Rick Stimpfle

Scientist

I joined the Anderson Group as a post-doctoral fellow in Nov 1979, shortly after completing graduate school at the University of Colorado in Boulder. My work at UC consisted of laboratory work at the NOAA labs, with Carleton J. Howard and Eldon E. Ferguson, investigating ClO radical reactions involved in ozone loss in the stratosphere. The title of my thesis was: Laser Magnetic Resonance Detection of ClO and Kinetics of the Reactions of ClO with NO2 and HO2. I received a B. S. in Physical Chemistry from The College of William and Mary, Williamsburg, VA, in June 1975.

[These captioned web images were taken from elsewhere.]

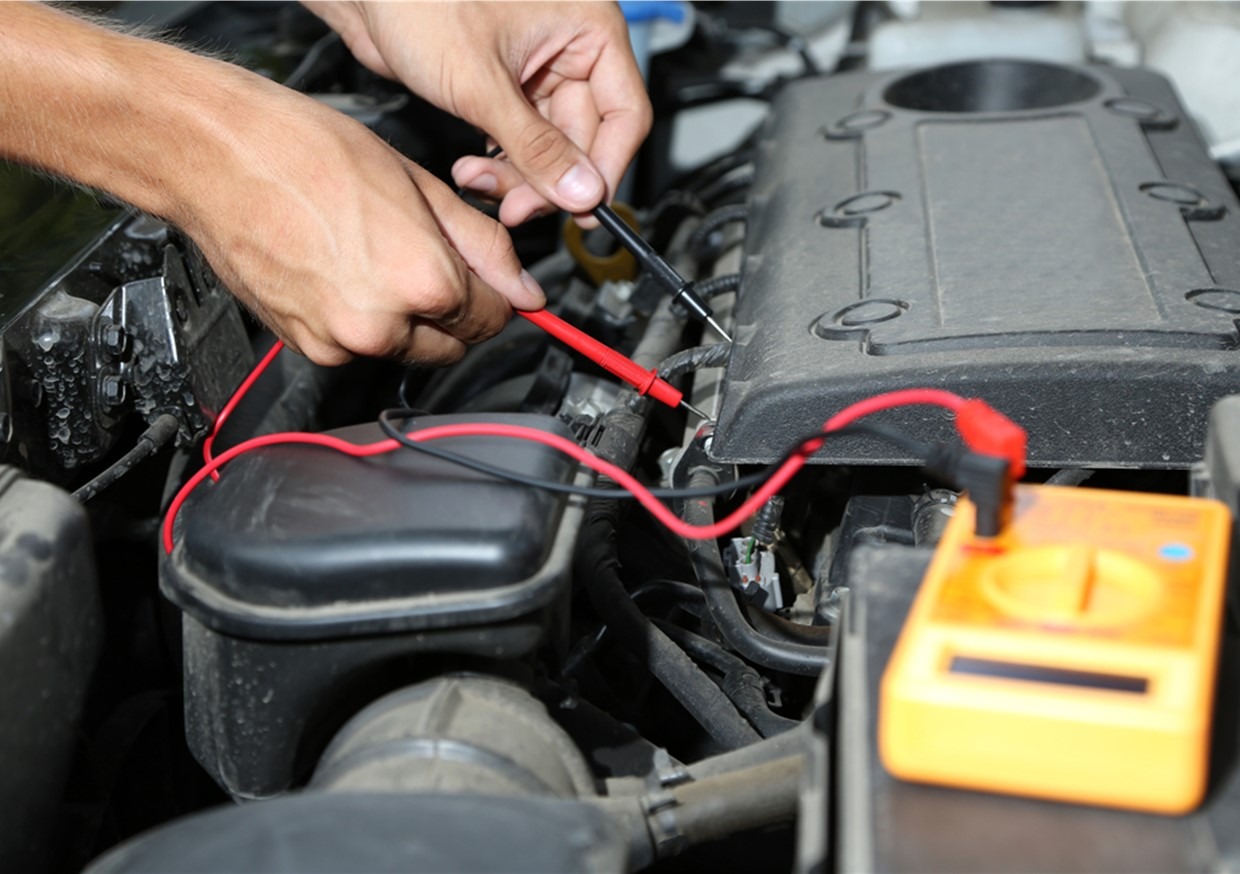 A picture of a mechanic repairing a battery. Merseyside Car Repairs offer high quality affordable car batteries to get you back on the road when your battery fails.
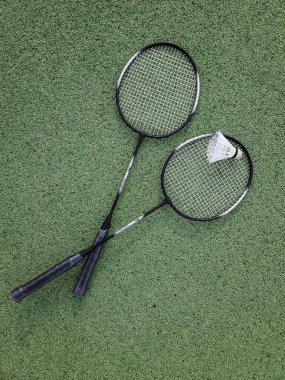 Yumuşak yeşil spor sahasında iki badminton raketi. Yüksek kalite fotoğraf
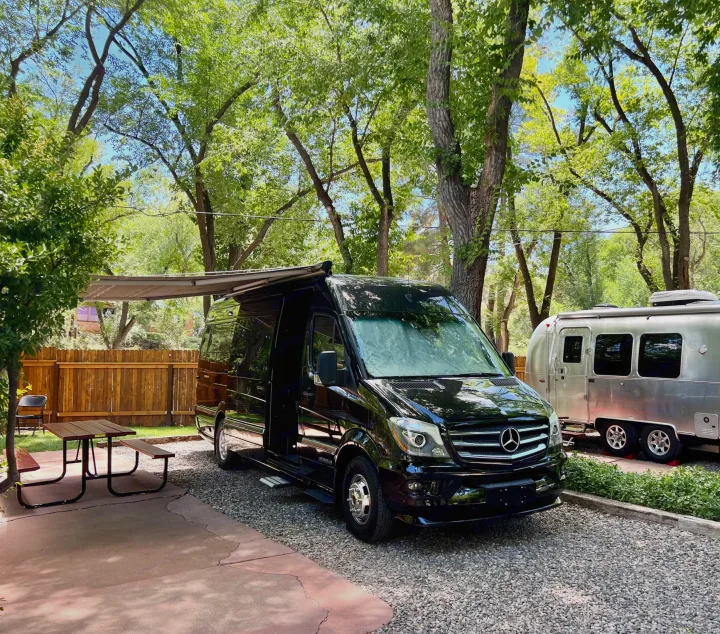 Black Mercedes Sprinter **RV rental** parked in a shaded campsite with an Airstream trailer and picnic table.. Airstream Interstate 2016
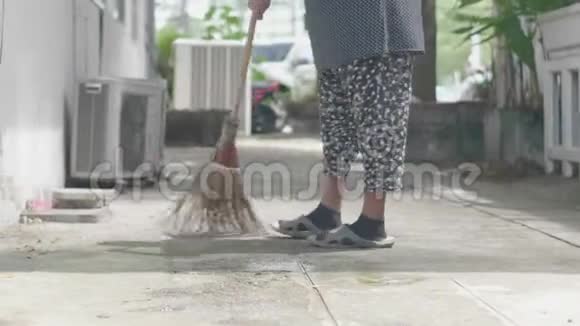 不明身份的女人在公园里用扫帚扫树叶特写视频的预览图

I came to Harvard with the express intention of participating in field measurements. The first project involved measuring OH and HO2 in the stratosphere, in-situ, using a resonance fluorescence instrument incorporating a copper vapor laser on a balloon-borne platform. We made successful measurements out of Palestine TX in the summers of 1987, 88 and 89.

Around 1990 my focus shifted to chlorine in the stratosphere. I participated in balloon-borne measurements of ClO from Ft Sumner, NM and Sondrestrom, Greenland in 1991 and 1992, respectively. After those missions I switched to an aircraft borne platform using the NASA ER-2 aircraft. Over the years measurements of species such as BrO, ClO, ClONO2, and ClOOCl were made from a variety of locations, including California, Alaska, Hawaii, New Zealand and Sweden.

Although I retired from Harvard in Jul 2009, I returned to the Anderson Group in 2010, in part-time mode, to provide support with the current halogen measurement program.